La Cassazione annulla la sentenza di condanna per omicidio colposo se le qualifiche di datore di lavoro e di preposto di fatto non risultano debitamente provate.

Segnalo la sentenza numero 46664.2022 – depositata il 12/12/2022, resa dalla sezione quarta penale della Corte di Cassazione, che si è pronunciata su un processo nell’ambito del quale era stata affermata la penale responsabilità degli imputati conseguente ad un incidente sul lavoro causa del decesso dell’operaio infortunato.

Nel caso di specie, la Suprema Corte, ha annullato la sentenza di appello che aveva confermato quella di condanna emessa in primo grado, nei confronti di due imputati ritenuti responsabili di cooperazione in omicidio colposo nelle loro rispettive qualità di datore di lavoro e preposto di fatto.

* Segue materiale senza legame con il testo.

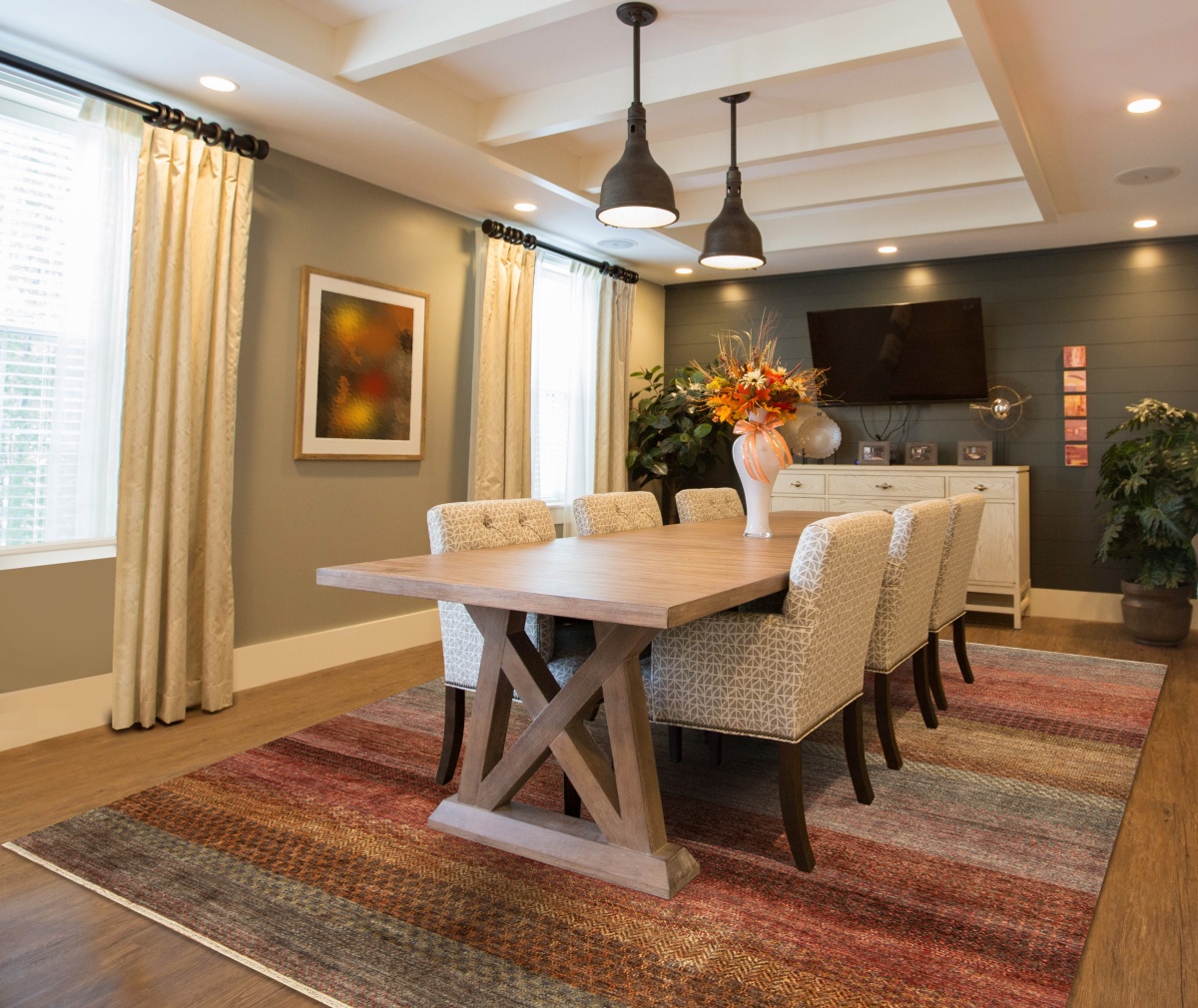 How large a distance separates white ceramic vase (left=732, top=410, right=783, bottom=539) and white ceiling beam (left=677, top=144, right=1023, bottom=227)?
2.16 meters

Secondo la decisione assunta dal Collegio di legittimità, il giudizio di responsabilità espresso con le concordi sentenze di merito non era corroborato da adeguata motivazione in ordine al ruolo effettivamente rivestito da ciascuno degli imputati in cantiere, fonte della posizione di garanzia ascritta ai giudicabili con la richiesta di rinvio a giudizio.

 

L’incidente sul lavoro, il capo di imputazione ed il doppio grado di merito.

L’imputazione era stata elevata a carico degli imputati per aver cagionato, in cooperazione tra loro e con l’amministratore della società (datrice di lavoro), la morte di un dipendente della società senza formale assunzione, che nello svolgimento delle proprie mansioni, inerenti alla preparazione del calcestruzzo, aveva riportato lesioni personali conducenti al decesso a causa dell’inidoneità del macchinario (betoniera) in quanto privo dei previsti presidi di sicurezza.

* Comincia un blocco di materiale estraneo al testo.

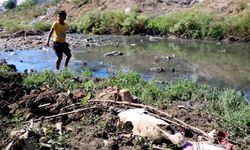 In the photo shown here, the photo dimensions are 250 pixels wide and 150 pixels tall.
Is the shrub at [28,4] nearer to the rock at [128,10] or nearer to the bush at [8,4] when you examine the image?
the bush at [8,4]

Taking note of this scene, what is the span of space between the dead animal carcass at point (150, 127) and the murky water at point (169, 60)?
6.66 metres

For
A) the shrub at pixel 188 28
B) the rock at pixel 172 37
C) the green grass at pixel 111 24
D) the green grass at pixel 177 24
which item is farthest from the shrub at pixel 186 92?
the green grass at pixel 111 24

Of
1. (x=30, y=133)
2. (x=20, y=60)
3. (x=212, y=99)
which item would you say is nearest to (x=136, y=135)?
(x=30, y=133)

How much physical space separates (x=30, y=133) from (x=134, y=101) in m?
2.61

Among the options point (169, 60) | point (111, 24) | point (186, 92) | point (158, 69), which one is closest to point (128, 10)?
point (111, 24)

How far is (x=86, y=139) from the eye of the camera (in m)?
7.39

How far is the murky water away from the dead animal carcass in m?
6.66

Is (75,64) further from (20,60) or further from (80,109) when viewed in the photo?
(80,109)

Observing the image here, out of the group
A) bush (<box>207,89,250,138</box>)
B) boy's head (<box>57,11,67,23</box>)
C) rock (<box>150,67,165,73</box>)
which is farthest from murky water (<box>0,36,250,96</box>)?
bush (<box>207,89,250,138</box>)

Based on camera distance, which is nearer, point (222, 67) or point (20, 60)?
point (222, 67)

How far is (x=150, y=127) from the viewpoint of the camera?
7109mm

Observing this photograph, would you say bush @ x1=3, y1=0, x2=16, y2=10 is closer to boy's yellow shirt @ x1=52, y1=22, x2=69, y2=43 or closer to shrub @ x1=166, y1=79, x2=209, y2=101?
boy's yellow shirt @ x1=52, y1=22, x2=69, y2=43

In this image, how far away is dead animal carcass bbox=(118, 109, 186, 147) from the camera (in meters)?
6.89

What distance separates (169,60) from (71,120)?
1235 cm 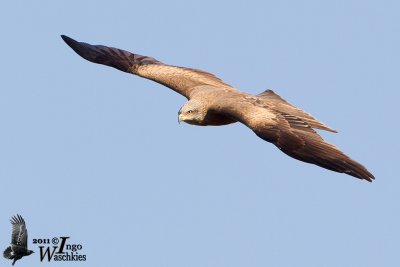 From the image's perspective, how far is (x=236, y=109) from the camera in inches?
725

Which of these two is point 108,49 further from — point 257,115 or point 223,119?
point 257,115

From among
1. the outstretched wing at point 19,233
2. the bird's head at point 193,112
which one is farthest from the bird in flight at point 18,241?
the bird's head at point 193,112

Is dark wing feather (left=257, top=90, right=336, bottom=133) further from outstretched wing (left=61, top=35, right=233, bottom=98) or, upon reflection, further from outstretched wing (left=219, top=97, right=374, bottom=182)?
outstretched wing (left=61, top=35, right=233, bottom=98)

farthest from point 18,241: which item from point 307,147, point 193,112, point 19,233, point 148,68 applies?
point 307,147

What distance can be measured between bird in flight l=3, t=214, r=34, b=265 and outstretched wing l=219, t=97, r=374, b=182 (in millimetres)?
4464

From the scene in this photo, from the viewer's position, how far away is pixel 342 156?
16.4 meters

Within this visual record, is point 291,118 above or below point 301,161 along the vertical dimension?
above

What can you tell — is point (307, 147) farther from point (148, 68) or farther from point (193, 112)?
point (148, 68)

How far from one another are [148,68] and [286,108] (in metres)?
3.78

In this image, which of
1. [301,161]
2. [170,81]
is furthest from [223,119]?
[301,161]

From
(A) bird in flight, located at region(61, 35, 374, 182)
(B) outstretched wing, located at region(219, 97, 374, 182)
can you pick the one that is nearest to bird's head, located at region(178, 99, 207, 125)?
(A) bird in flight, located at region(61, 35, 374, 182)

La Corte d’appello di Bari pur dichiarando l’estinzione per prescrizione di taluni reati, confermava il giudizio di responsabilità degli imputati rinviati a giudizio nelle loro rispettive qualità di datore di lavoro e preposto di fatto con riferimento al delitto di omicidio colposo del lavoratore di cui agli artt. 589, comma secondo, e 113, cod. pen., rideterminando la pena all’esito del bilanciamento tra circostanze ex art. 69 cod. pen. in termini di equivalenza e confermando le statuizioni civili.

 

Il ricorso per cassazione ed il principio di diritto.

Contro la sentenza della Corte distrettuale di Bari interponeva ricorso per cassazione la difesa degli imputati, lamentando vizio di motivazione in ordine alla ritenuta (da parte dei giudici di merito) qualità di preposto e datore di lavoro di fatto, come tali ritenuti corresponsabili con il legale rappresentante della società dell’evento di danno da cui era derivato il decesso della vittima del reato.

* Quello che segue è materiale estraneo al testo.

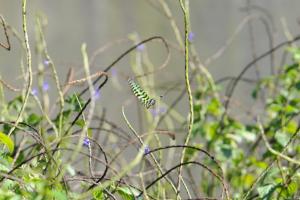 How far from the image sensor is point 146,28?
20.8ft

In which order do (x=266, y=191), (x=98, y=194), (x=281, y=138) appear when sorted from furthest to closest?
(x=281, y=138) < (x=266, y=191) < (x=98, y=194)

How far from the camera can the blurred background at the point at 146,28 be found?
212 inches

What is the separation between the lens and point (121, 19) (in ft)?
21.9

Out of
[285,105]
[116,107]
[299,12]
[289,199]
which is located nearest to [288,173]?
[289,199]

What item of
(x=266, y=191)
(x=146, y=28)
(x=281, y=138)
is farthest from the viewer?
(x=146, y=28)

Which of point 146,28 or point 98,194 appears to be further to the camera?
point 146,28

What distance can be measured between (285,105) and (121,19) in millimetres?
5058

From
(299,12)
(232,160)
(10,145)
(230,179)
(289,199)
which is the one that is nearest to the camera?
(10,145)

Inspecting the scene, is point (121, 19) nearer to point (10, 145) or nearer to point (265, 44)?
point (265, 44)

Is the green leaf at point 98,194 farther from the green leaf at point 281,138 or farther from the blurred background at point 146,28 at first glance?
the blurred background at point 146,28

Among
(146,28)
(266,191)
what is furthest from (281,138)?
(146,28)

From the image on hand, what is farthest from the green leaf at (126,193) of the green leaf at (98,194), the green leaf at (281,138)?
the green leaf at (281,138)

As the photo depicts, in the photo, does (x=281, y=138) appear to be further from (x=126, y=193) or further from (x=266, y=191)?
(x=126, y=193)

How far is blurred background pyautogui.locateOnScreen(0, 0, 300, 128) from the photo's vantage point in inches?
212
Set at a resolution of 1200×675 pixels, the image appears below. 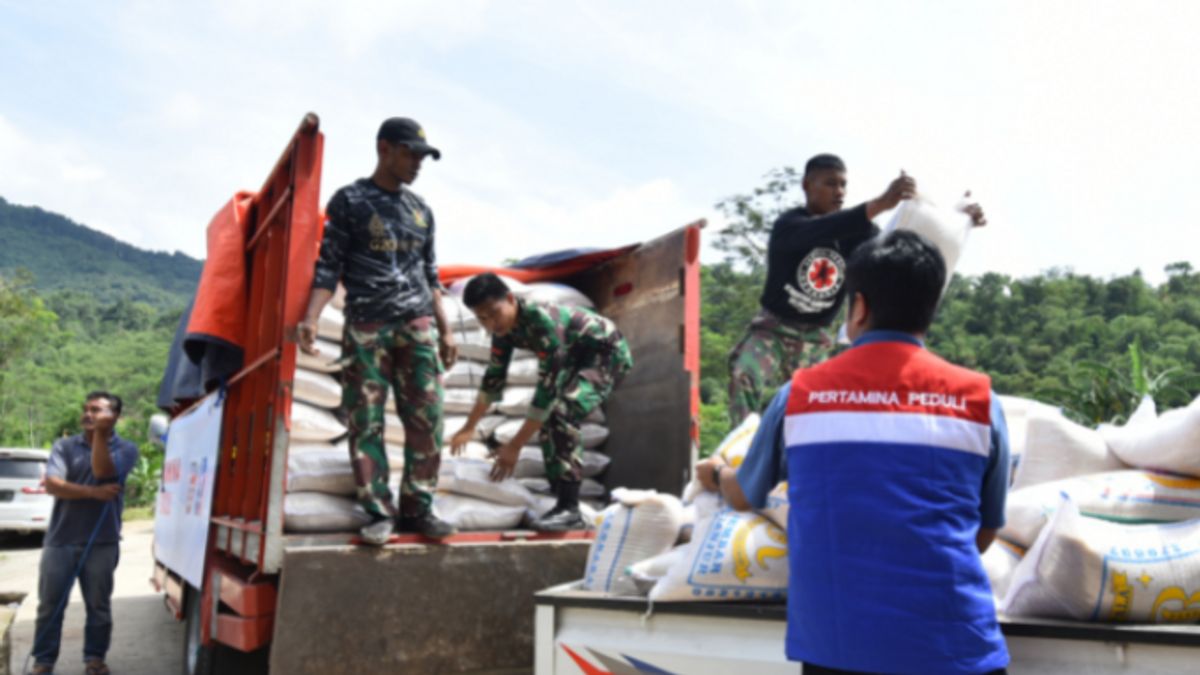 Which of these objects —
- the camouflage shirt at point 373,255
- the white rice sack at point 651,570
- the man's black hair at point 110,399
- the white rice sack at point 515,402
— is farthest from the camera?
the man's black hair at point 110,399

La Corte regolatrice ha rigettato il ricorso.

Di seguito si riporta il passaggio estratto dal costrutto argomentativo della sentenza in commento di interesse per la presente nota:

“Orbene, premesso quanto innanzi, deve rilevarsi che, nonostante specifiche doglianze proposte con i motivi d’appello, la Corte territoriale ha omesso altrettanti specifici riferimenti ai concreti elementi che sarebbero stati posti alla base della ritenuta responsabilità dei due imputati in termini di datore di lavoro di fatto, [omissis], e di Preposto di fatto, [omissis], limitandosi invece a un generico riferimento alle risultanze della relazione dei funzionari SPRESAL dell’ASL, senza esplicitazione alcuna in merito ad esse, oltre che all’organigramma aziendale, anch’esso ignoto nella sua concreta essenza.

L’assenza di riferimenti nei termini di cui innanzi circa i concreti elementi emergenti dalla relazione e dall’organigramma, peraltro, rendono sterile nella specie, circa la posizione di [omissis], il riferimento alla descritta accertata situazione fattuale.”.